Development of self balancing biped with inverse Dynamics

A place to discuss everything related to Newton Dynamics.

Moderators: Sascha Willems, walaber

Re: Development of self balancing biped with inverse Dynamic

Postby Julio Jerez » Mon Aug 04, 2025 9:46 am

Okay Joe, I made the walls visible, you were right, there's no overlapping.
actually, there is an unrelated one.
in my version when I set the first two wall, the next one shred an edge with the one already in the map, so they are placed higher, that just in my modified version, I just made the side of the last two 1.99 the width. that's how good the convex cast is. :shock: :shock:

Ok, with a velocity of -0.1, I waited for about 5 minutes.
It didn’t stop, but it takes too long, it didn’t even get 10% closer to the wall.
I increased the velocity to -1.0 to speed things up.
The planks move straight without any issues until they hit the walls and stop.
I don’t see any problems.

If I pick them up and let them fall again, they still sink in and don't move. So the velocity seems ignored, and the contacts become very soft.

I haven’t seen this behavior on my end. can you tell more how you reproduce that?

Here’s a quick overview of how it’s supposed to work:

Contacts are solved by the iterative Gauss Sidle solver; therefore, they react softly to high abrupt impulse, but they should still be stiff enough to handle regular collisions.

When a cluster of connected bodies comes into contact with rigid bodies, those rigid bodies and any others connected to them, up to five levels deep. Are collected from the scene and a duplicate is attached to the articulation's skeleton. Static Bodies serve as end of the search.
This allows the skeleton solver to compute forces using the direct joint solver.
there will be discrepancy on each duplicate bound, but the deeper the number of layer scanned, the smaller the discrepancy, in theory, going all the way deep, the discrepancy is zero, but that's too slow.
By empirical experimentation, at five levels deep the discrepancies are small enough that the Gauss Sidle pass smooth them all out.
This is in fact the method that was used in Newton 1.xx, but it scan all levels making one giant island.
My main focus was articulated bodies, an in my experience's scenes were small at the time.
You know the history.
I resurrected the method again, but this time is per skeleton islands, and I there is a rename method that duplicate the bodies to resolve dependency,

This only applies to hard bilateral joints, which are the default type.

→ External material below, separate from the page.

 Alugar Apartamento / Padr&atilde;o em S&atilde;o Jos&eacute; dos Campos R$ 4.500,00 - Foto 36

Some joints are intentionally soft. A good example is the picking joint in the scene.
It’s added to the skeleton as a temporary joint.
That’s what allows you to pick up a rigid body and sink it into the ground.

I used to think this was a bug, but eventually I realized the picking joint is a very special case.
It gets input from the screen space and projects it back into world space.

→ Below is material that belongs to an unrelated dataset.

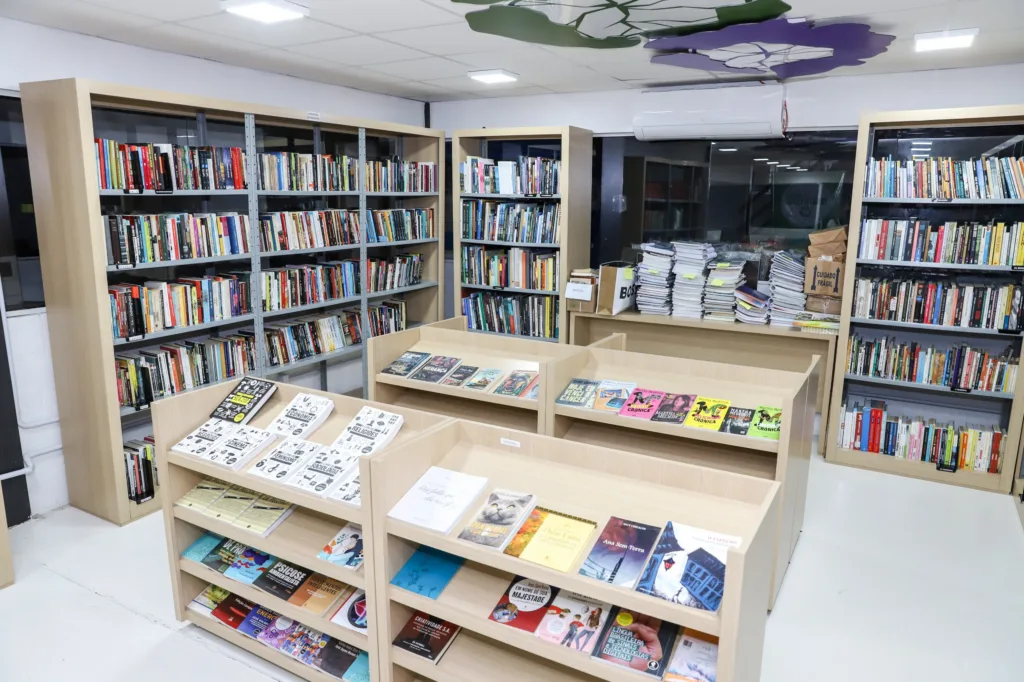 Biblioteca nova – a anterior foi devastada pela enchente de 2024 – hoje tem mais de 10 mil livros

The thing is, a small movement in screen pixels can translate into very large and unpredictable changes in world space units.
After trying to “fix” it for a long time, I realized it was a fool’s errand.
Honestly, I’m surprised it works as well as it does.

That said, the kinematic joint is extremely useful for other tasks, especially when you're working directly in world space, where errors are more lineal and do not generate those very high impulses.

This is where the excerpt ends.